### WHAT IS REQUIRED
The data below is to be transcribed word for word; pictures are to be excluded.
• • • • • • •
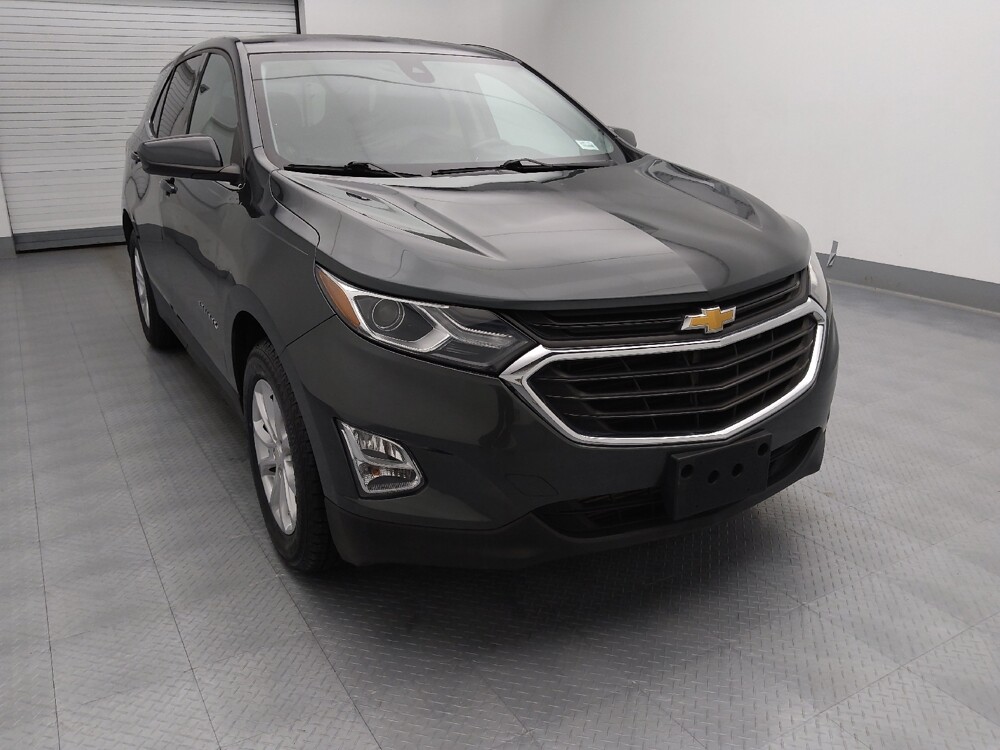 2020 Chevrolet Equinox in St. Louis, MO 63125 - 18091870 13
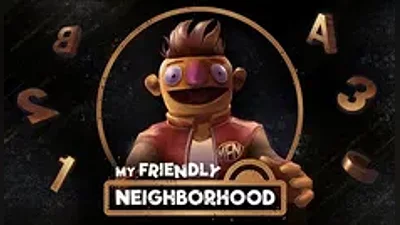 My Friendly Neighborhood стим ключ Весь Мир Глобал + РФ Россия СНГ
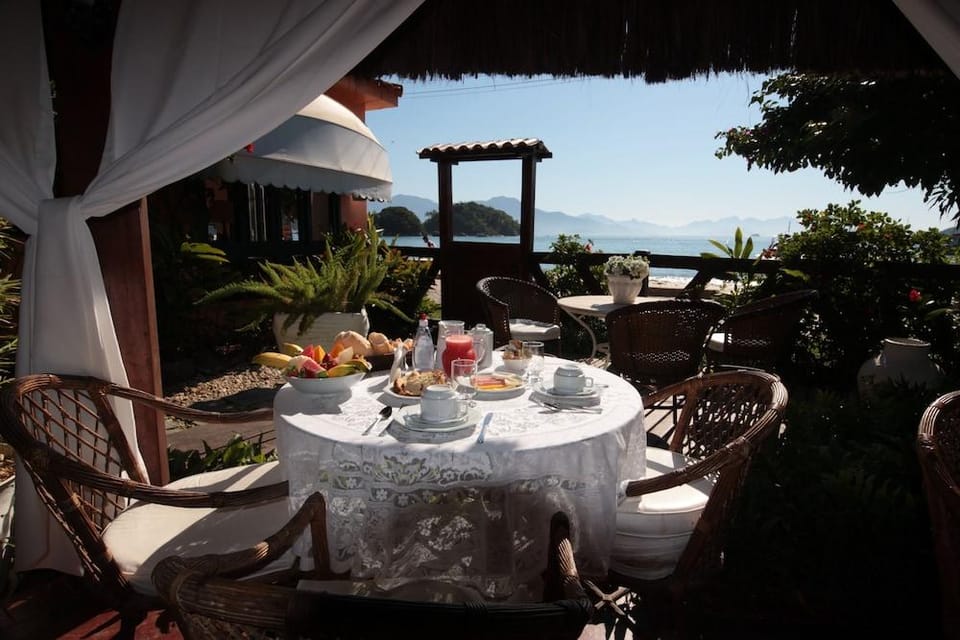 Pousada Solar da Praia Inn in Angra dos Reis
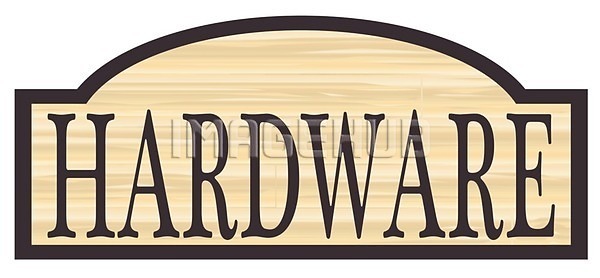 EPS 일러스트 해외이미지 그래픽 그림 낟알 목재 사인 상점 스타일 약 이름 잡화 하드웨어 해외202004 해외일러스트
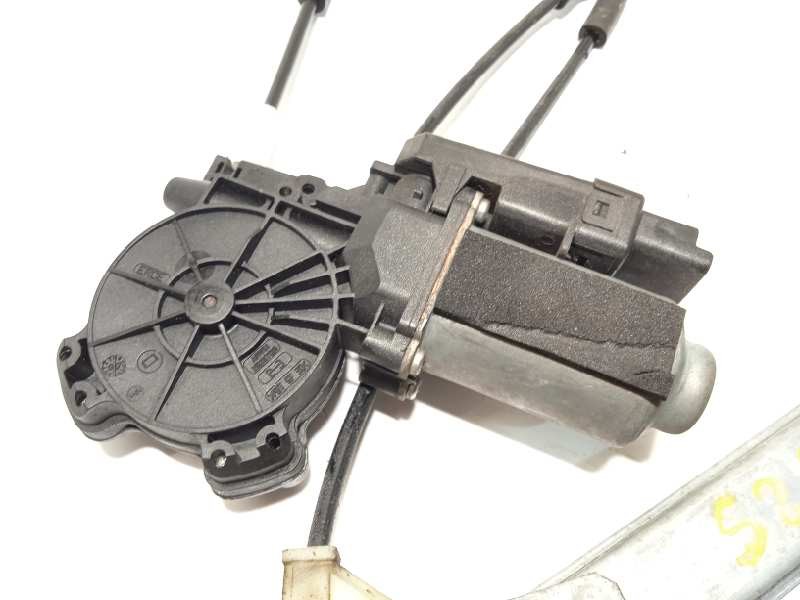 Recambio de elevalunas delantero izquierdo para renault megane ii familiar authentique referencia OEM IAM 128000471  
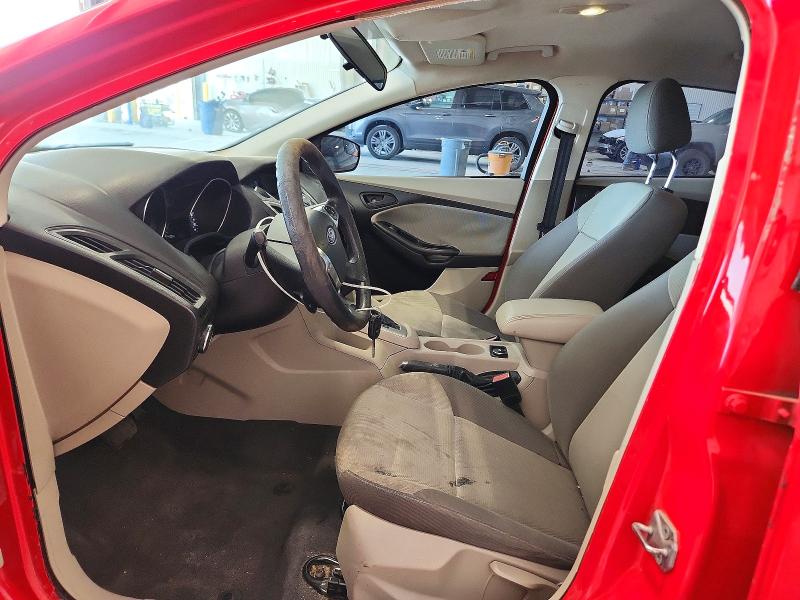 Aukcja sprzedaży 2012 Ford Focus, vin: 1FAHP3F26CL174835, numer aukcji: 56450606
• • • • • • •
### ANSWER BOX
 2020 Chevrolet Equinox in St. Louis, MO 63125 - 18091870 13
 My Friendly Neighborhood стим ключ Весь Мир Глобал + РФ Россия СНГ
 Pousada Solar da Praia Inn in Angra dos Reis
 EPS 일러스트 해외이미지 그래픽 그림 낟알 목재 사인 상점 스타일 약 이름 잡화 하드웨어 해외202004 해외일러스트
 Recambio de elevalunas delantero izquierdo para renault megane ii familiar authentique referencia OEM IAM 128000471  
 Aukcja sprzedaży 2012 Ford Focus, vin: 1FAHP3F26CL174835, numer aukcji: 56450606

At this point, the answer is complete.